I always have an open mind to cropping. In the latter stages I will use two mount corners to help me ‘see’ what is happening. In fact if you asked me what three utensils I could not do without it would be mount corners, pipe insulation, and my computer. (Of course, this is apart from my pastels or my jewels as I call them.)
I leave the image for at least a few days but keep looking at it. Sometimes I have up to five or six paintings in the pipeline. Some will finish naturally while others will sit on the sideline for a long time.
I do find deciding whether my painting is finished or not (or whether it should go in the bin!) a hard one. My paintings can sit in my ‘holding bay’ for quite a while, often with some white mount pegged on the board. And I am sure, like other artists, weeks, even months later, a thought as to what to do next will pop in to my head. Not very scientific I know – but it works for me!
So once the decision has been made that it is finished, the work needs signing. Having made the mistake of having pieces framed and then realising I had forgotten to sign it, I try not to repeat the mistake. I never fix at this stage.

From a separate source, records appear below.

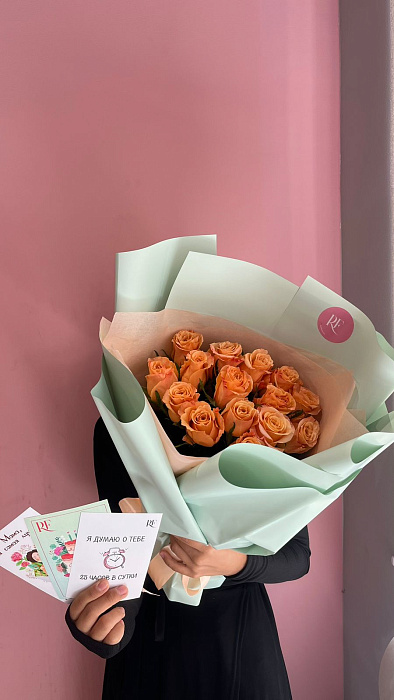 Mono-bouquet of roses with a postcard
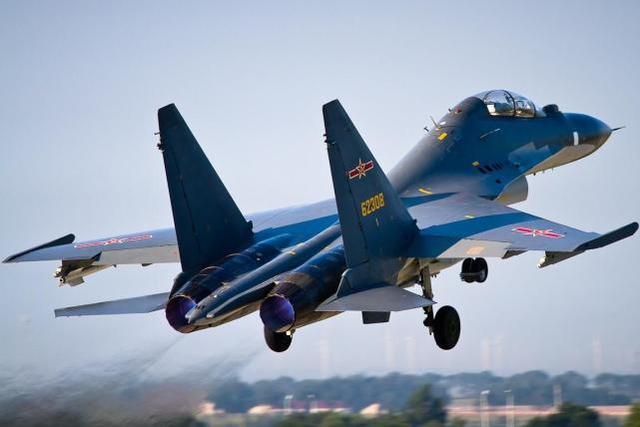 红色铁翼! 荣耀的苏27侧卫家族! 个人心目中最美战机!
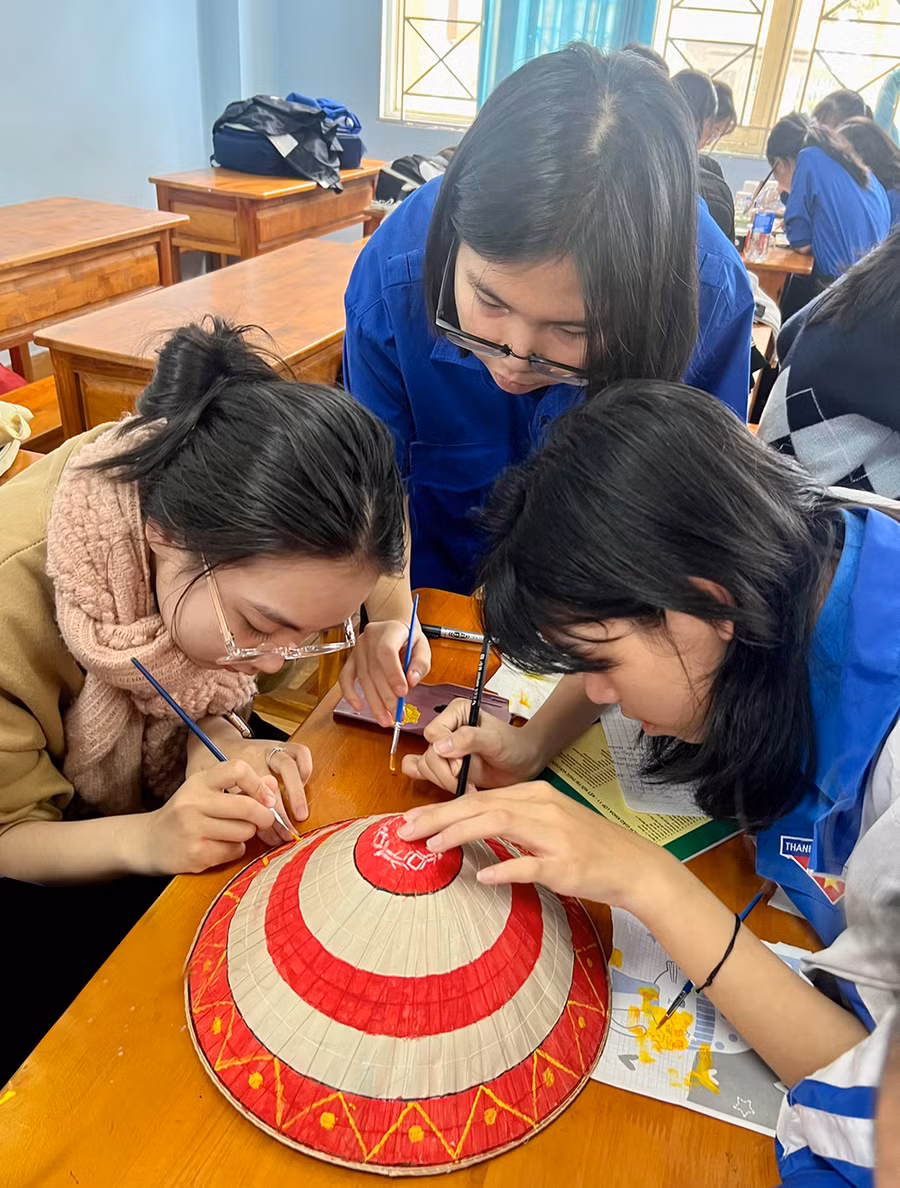 Các em học sinh lớp 11 Trường THPT chuyên Hùng Vương trong giờ Giáo dục địa phương với chủ đề “Mỹ thuật dân gian của dân tộc Bahnar, Jrai”. Ảnh: H.H.P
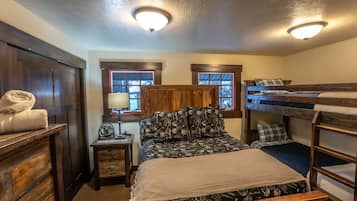 2 bedrooms, travel crib, free WiFi, bed sheets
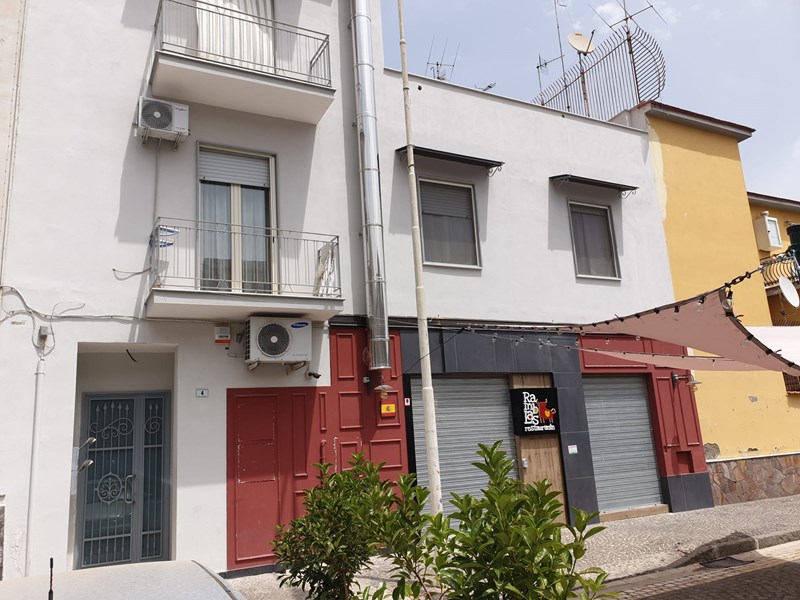 Trilocale in Affitto a Frattamaggiore, zona Piazza Risorgimento , 600€, 60 m²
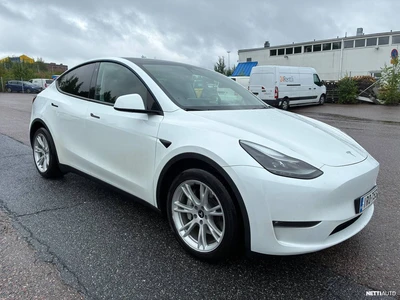 Tesla Model Y Long Range 2023, kuva 2/6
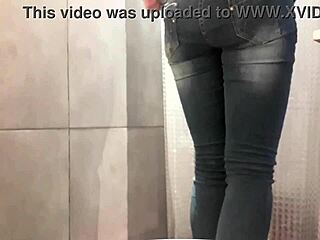jeans soaked desperate housewife pees in pink high heels fetish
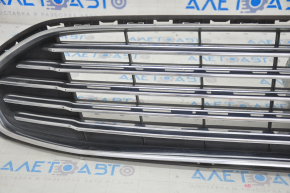 Решетка радиатора grill в сборе с обрамлением Ford Fusion mk5 13-16 с хромом, песок, слом креп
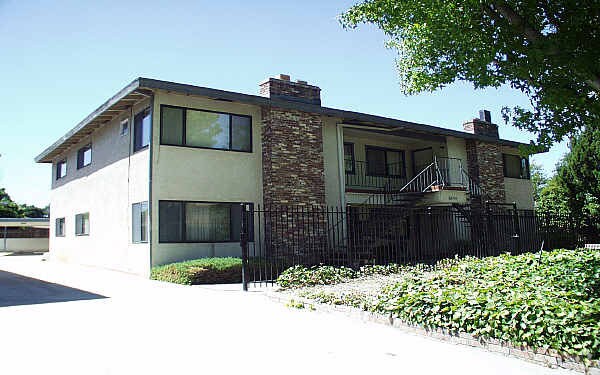 Foto principal - 6004-6012 Gloria Dr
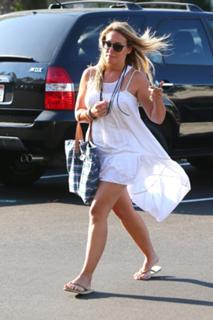 Haylie Duff feet photo thumbnail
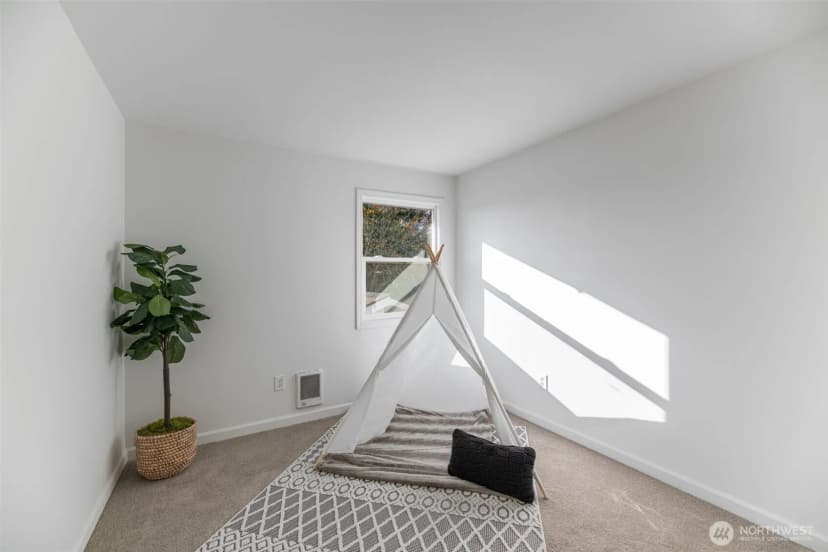 Property photo for 8731 11th Street Ne, Lake Stevens photo 18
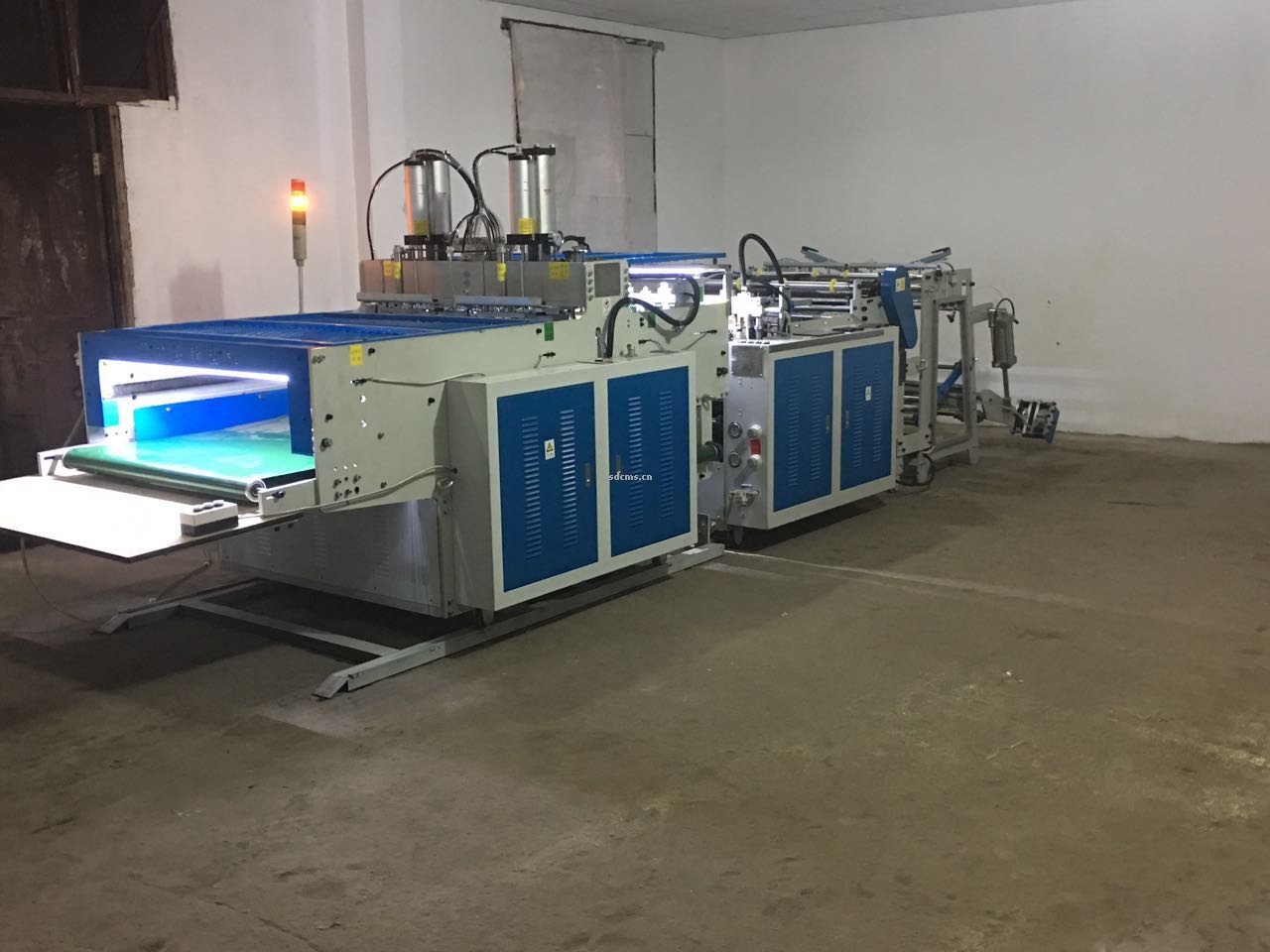 超高速制袋機 超市購物袋制袋機一、特點：本機以HDPE、LDPE筒膜為原料，是制作超市袋、背心袋、馬甲袋、市場袋的理想設(shè)備，本機具有節(jié)省人工、降低成本、一次成型、故障率低、產(chǎn)量高等特點，良好性能的色標跟蹤儀，使封切長度更準確，誤差更小。采用先進的電腦，長度調(diào)整方便，精確。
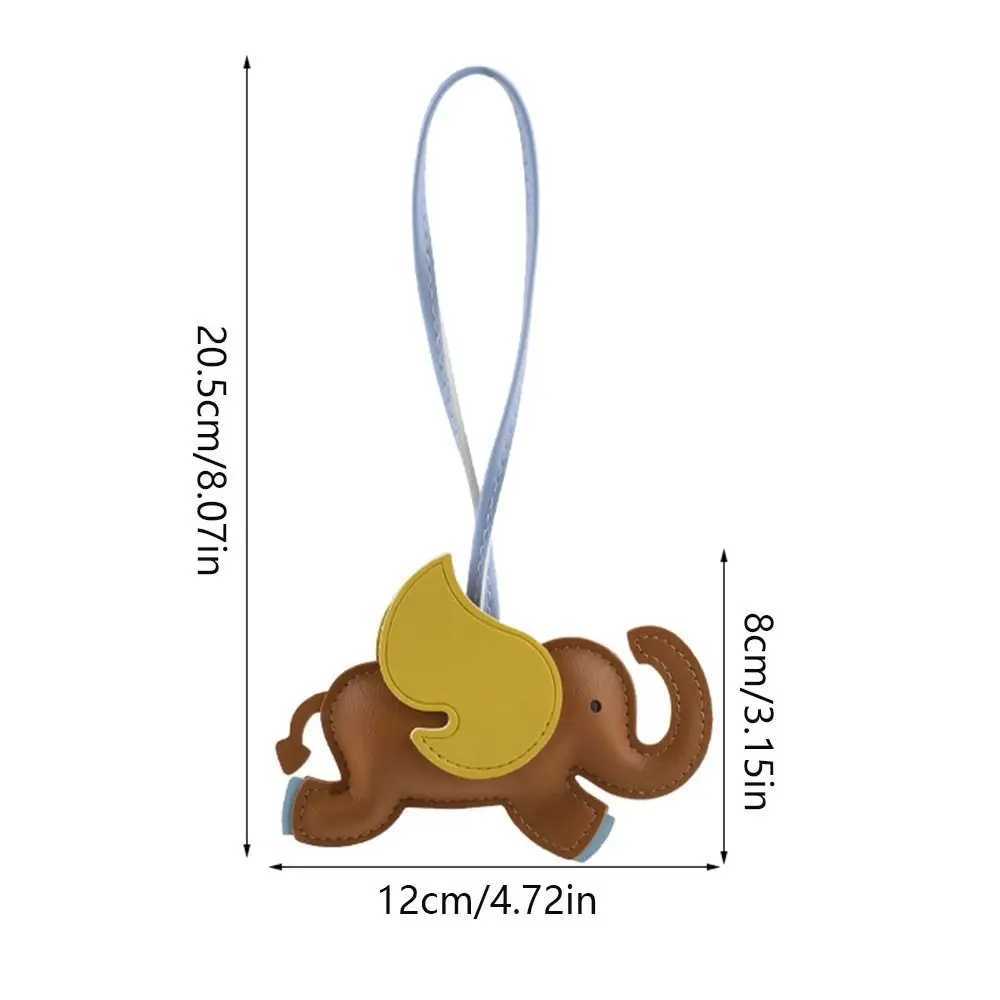 PU Leather Flying Wings Elephant Keychain Cute Cartoon Animal PU Leather Hanger Car Keyring 16 Colors Bag Pendant WomenW251029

I store my work in glassine paper in a plan chest. This is a recent acquisition that I now find invaluable for storing work, paper to be stored, boards and so on. Up until recently under the bed was perfectly fine.
Job done. What next? Who knows which one of those multitude of creative ideas buzzing around in my head will decide to be painted?
Very Happy Painting to you and I hope my process has helped you creatively in some way.
Don’t you love the way Judy Tate manages to pull a painting from the gorgeous mess of the underpainting? Magical!